Platform Capabilities (v2.2)

Long-running services, per-app SQLite, and scoped sub-agents

avacli is no longer just a chat loop. It’s a self-hosted runtime for long-lived processes, per-app storage, and delegated agent work — all sandboxed under ~/.avacli/, all xAI-native. The three pillars landed together in v2.2:

Long-running services

Services can now be type:"process" for Python / Node / native daemons that must stay up (Discord bots, workers, relays). avacli supervises them with a cross-platform ProcessSupervisor (POSIX fork+setpgid, Windows CreateProcessW + Job Object), auto-restarts per your policy, and streams logs in real time.

Per-service workdir under ~/.avacli/services/<id>/ (configurable). Contains venv/, node_modules/, logs/, state/.
Auto dep install when deps.auto_install: true — first start runs python -m venv + pip install -r requirements.txt (or npm ci).
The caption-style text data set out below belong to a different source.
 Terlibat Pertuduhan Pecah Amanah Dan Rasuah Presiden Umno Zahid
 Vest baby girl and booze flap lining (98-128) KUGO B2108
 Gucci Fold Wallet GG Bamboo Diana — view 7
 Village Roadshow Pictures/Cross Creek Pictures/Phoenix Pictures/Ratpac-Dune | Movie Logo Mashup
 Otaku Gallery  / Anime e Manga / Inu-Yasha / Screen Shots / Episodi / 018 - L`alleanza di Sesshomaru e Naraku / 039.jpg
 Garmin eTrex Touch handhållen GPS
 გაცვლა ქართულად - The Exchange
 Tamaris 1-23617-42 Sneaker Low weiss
Re-runs only when the hash of requirements.txt / package.json changes.
Restart policies: always, on_failure, never — with exponential backoff and a per-hour restart ceiling.
Vault-backed env: set env values to vault:token_name and avacli resolves them at spawn from the encrypted vault — plaintext secrets never touch services.config.
SSE logs: tail any service’s log buffer live via GET /api/services/:id/logs/stream.
Agent read-only access: tail_service_logs is available in Question mode for diagnosing without escalating.

Per-app SQLite

Every agent-generated app gets its own authenticated database at ~/.avacli/app_data/<slug>.db. Opened with WAL + foreign keys and a sqlite3_set_authorizer hook that denies ATTACH / DETACH and locks the app inside its own sandbox.
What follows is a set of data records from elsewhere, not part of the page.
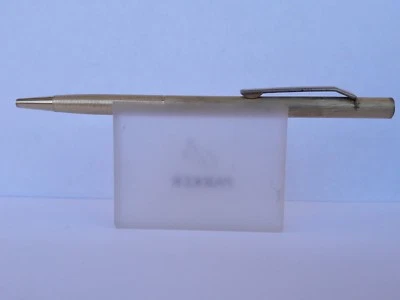 Bolígrafo Pelikan vintage chapado en oro  Foto 1 de 4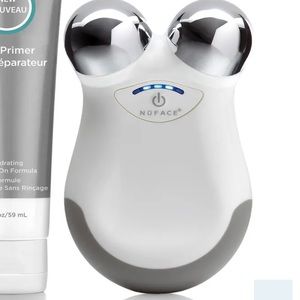 NuFace Refreshed Mini Facial Toning Device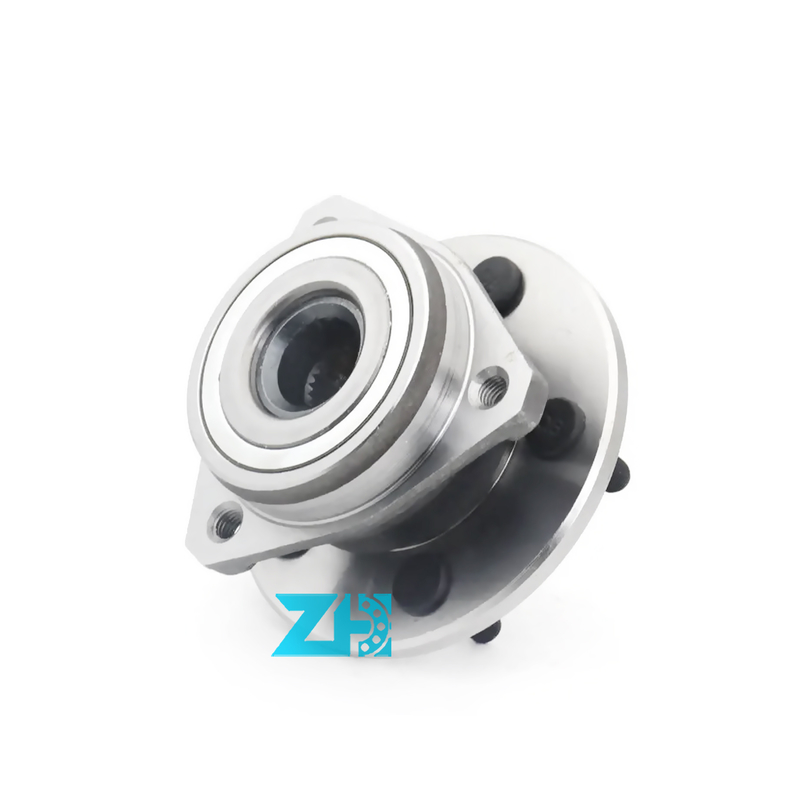 513084 Adecuado para Jeep Wagoneer 1990-1990 513084 Encabezado premium de rodamientos para el eje delantero 513084
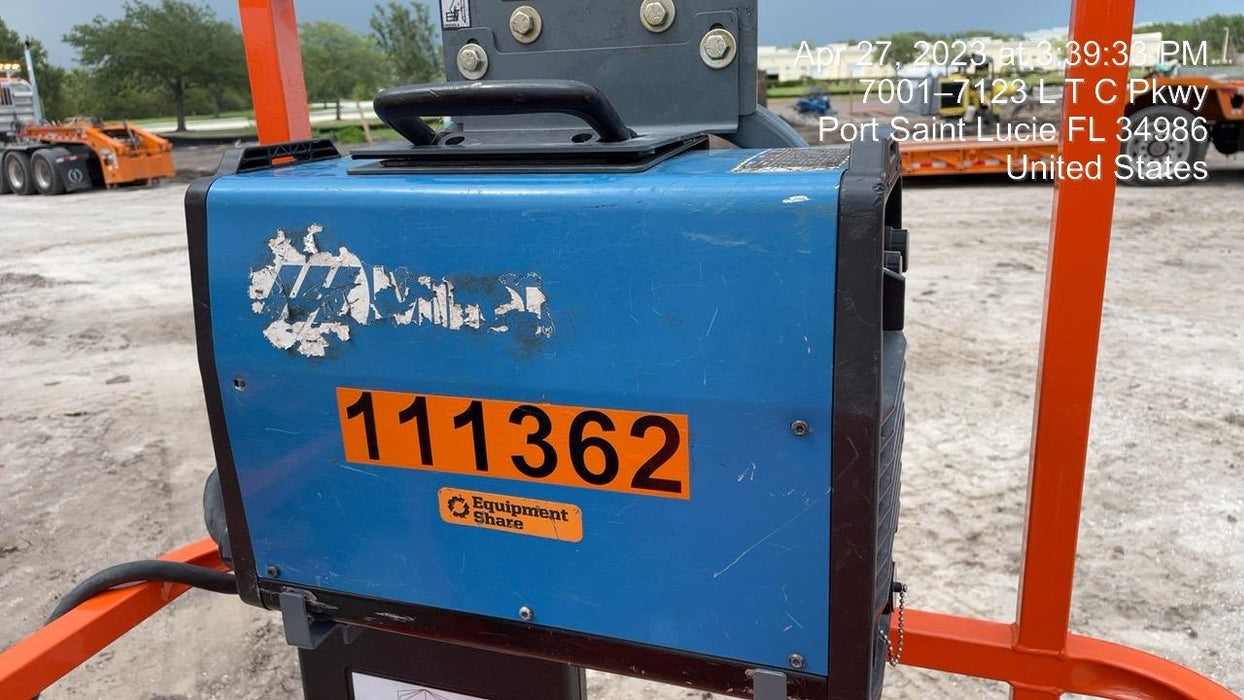 2020 MILLER ELECTRIC CST-280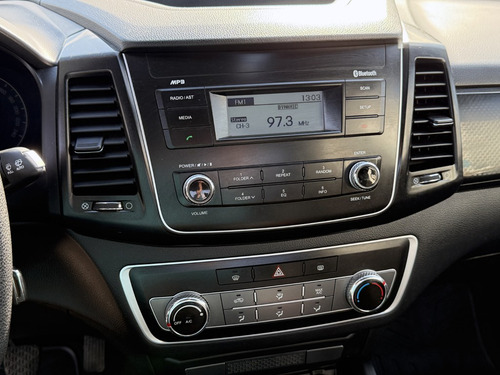 Ssangyong Musso Grand 2.2
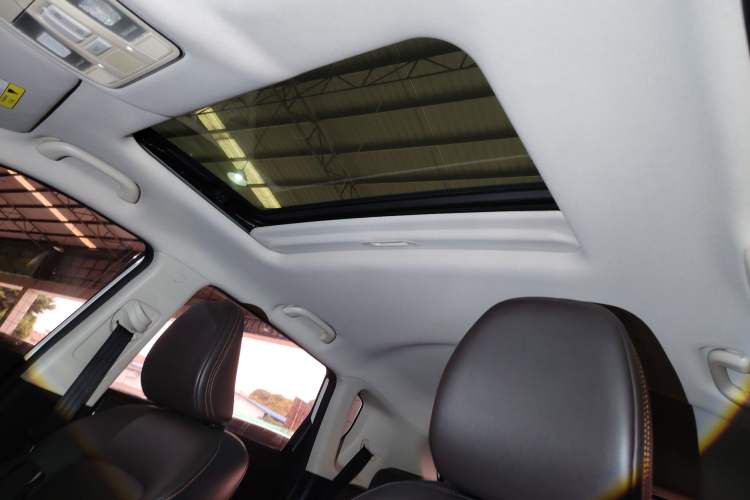 Used Changan CS35PLUS 2018 1.6L Automatic Changlian Edition China V Standard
Auto-injected _sdk.js exposes window.avacli.db.query(sql, params), .execute, .schema, .main.query(view, params), and .ai.chat({messages, model}). Zero plumbing; the slug + agent_token are baked into the served JS.
Whitelisted main-DB views: apps can read articles_public, apps_directory, and my_app from the main database via /api/apps/:slug/main/query. Raw SQL against avacli.db is never exposed.
Size cap: global default apps_db_size_cap_mb=256 (range 16–16384) with per-app override. Over-quota writes return HTTP 507; reads still work so an app can drain its data.
Auth: Authorization: Bearer <agent_token> + same-origin referer. Master-key auth is bypassed for these routes.

Scoped sub-agents

The agent can delegate bounded work to a child xAI agent with spawn_subagent({goal, allowed_paths, allowed_tools, model?}). Each child runs on its own thread, with tool access gated by a ScopedToolExecutor and writes serialised by a LeaseManager.
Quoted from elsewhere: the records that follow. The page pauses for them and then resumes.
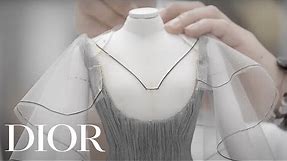 Savoir-faire of the Dior Autumn-Winter 2020-2021 Haute Couture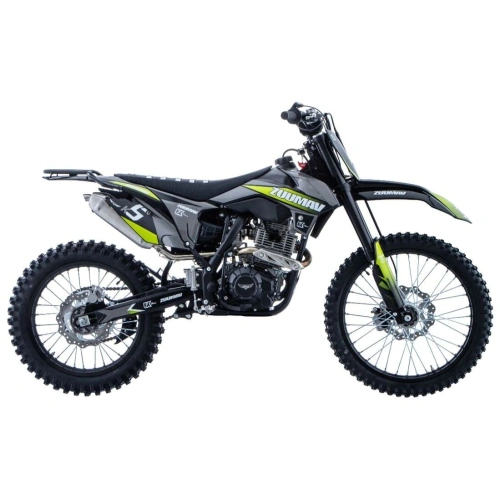 Мотоцикл ZUUMAV K5 CB300F ENDURO 2591581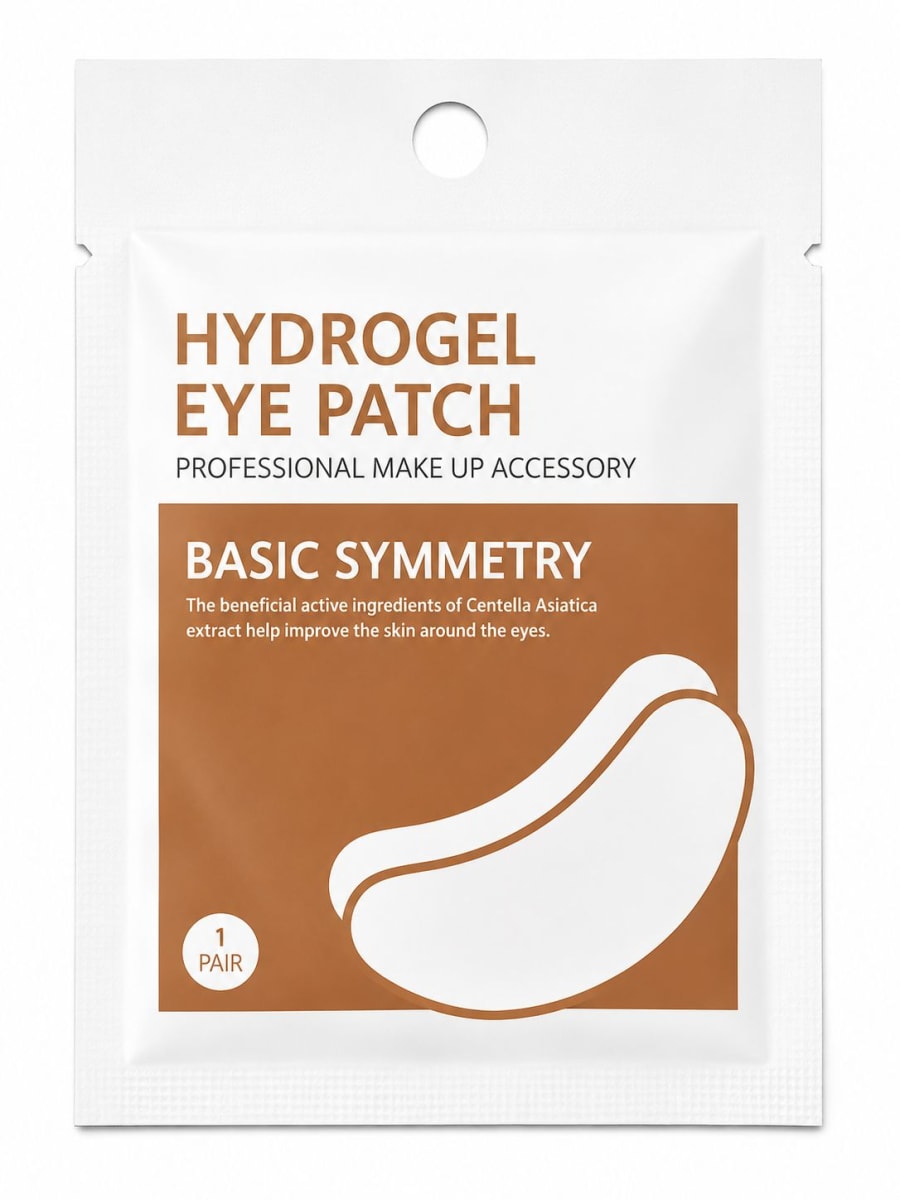 Parches NEICHA Basic Symmetry x10 pares (Café) 2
Default-deny: subagents_max_depth=0 disables spawn entirely. Raising the slider in Settings to 1–16 enables progressively deeper nesting. No restart required.
Path & tool whitelists: allowed_paths (glob, canonicalised) and allowed_tools (intersected with Agent-mode set). run_shell and run_tests are denied unless explicitly whitelisted.
Write leases: before any mutating tool call, the executor does INSERT OR FAIL INTO agent_leases. Second writer gets {"error":"resource_locked","holder":"<task_id>"} — use wait_subagent(holder) or re-plan.
Lifecycle: pending → running → succeeded / failed / cancelled. wait_subagent blocks via condition_variable instead of polling SQLite.
xAI only, by design: no LLMClient indirection. Children share the same XAIClient as the root — only the model string varies.

Settings (Platform capabilities)

The Settings page in the web UI now has a “Platform capabilities” section with three controls:

Key	Default	Description
`services_workdir_root`	`~/.avacli/services`	Root directory for per-service workdirs (`venv`, `node_modules`, logs, state). Must be an absolute path with an existing parent.
`apps_db_size_cap_mb`	`256`	Global default size cap per app database (range 16–16384 MB). Per-app override via `app_db_set_cap`.
`subagents_max_depth`	`0` (disabled)	Maximum nesting depth for sub-agents (range 0–16). `0` disables `spawn_subagent` entirely.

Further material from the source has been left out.